I think, with some small modifications to the above function, parse_ship(), and an additional structure to hold extra flag info, we could create a "hull scan" flag that could be put into the table for ships where you want to be able to scan the entire ship not just the subsystems. The resulting function could look something like:
if (cargo_sip->flags & SIF_HUGE_SHIP && !strstr(extra_flags[cargo_sp->ship_info_index].flags,"HULL_SCAN")) {
return player_inspect_cap_subsys_cargo(frametime, outstr);
}
Then, to enable a ship itself to be scanned rather then it's subsystems you would add an entry to ships.tbl like this:
$Extra_Flags: HULL_SCAN
I'm not completely sure that the ship_info_index is the right variable to use to compare against the list that would be stored in extra_flags though. Ideally the order of the ships in the two lists (one containing all the regular info for a ship type and the other containing the extra info) should be the same so they would have the same indexes. I'm assuming, from what I've been looking at in the source code, that Ship_info is the structure array that basically stores all the ships.tb info.
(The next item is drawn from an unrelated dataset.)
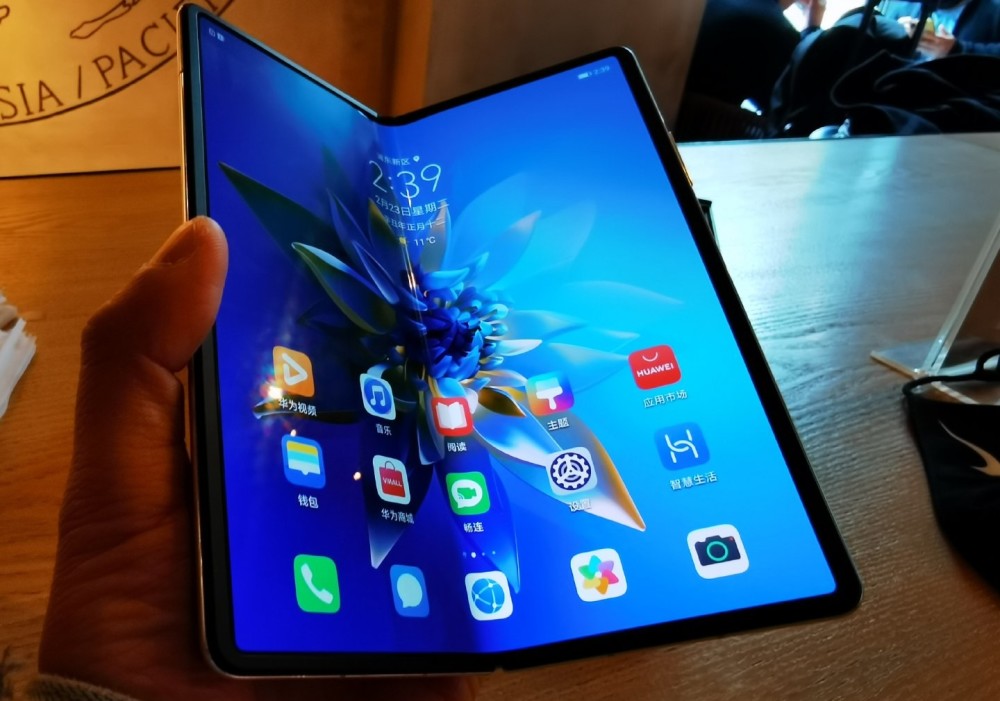 麒麟9000双屏售价接近两万元还有60万人预约华为这款手机火了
The extra_flags structure would (at the moment) just contain a char [255] for storing the extra flag data. (Don't know enough about the bitwise shift operators to store the flags in an int as is done for the regular flags. A char string is a little easier to use since there is a function designed to stuff strings with data from a table. A char string could also be expanded as needed while an int has a fixed size.)
What I don't know is if this would affect network play at all. And none of this has actually been tested since I've been looking at an old original copy of the source code and don't have a current copy of the fs2_open code. (Assuming it can still be compiled with GCC.)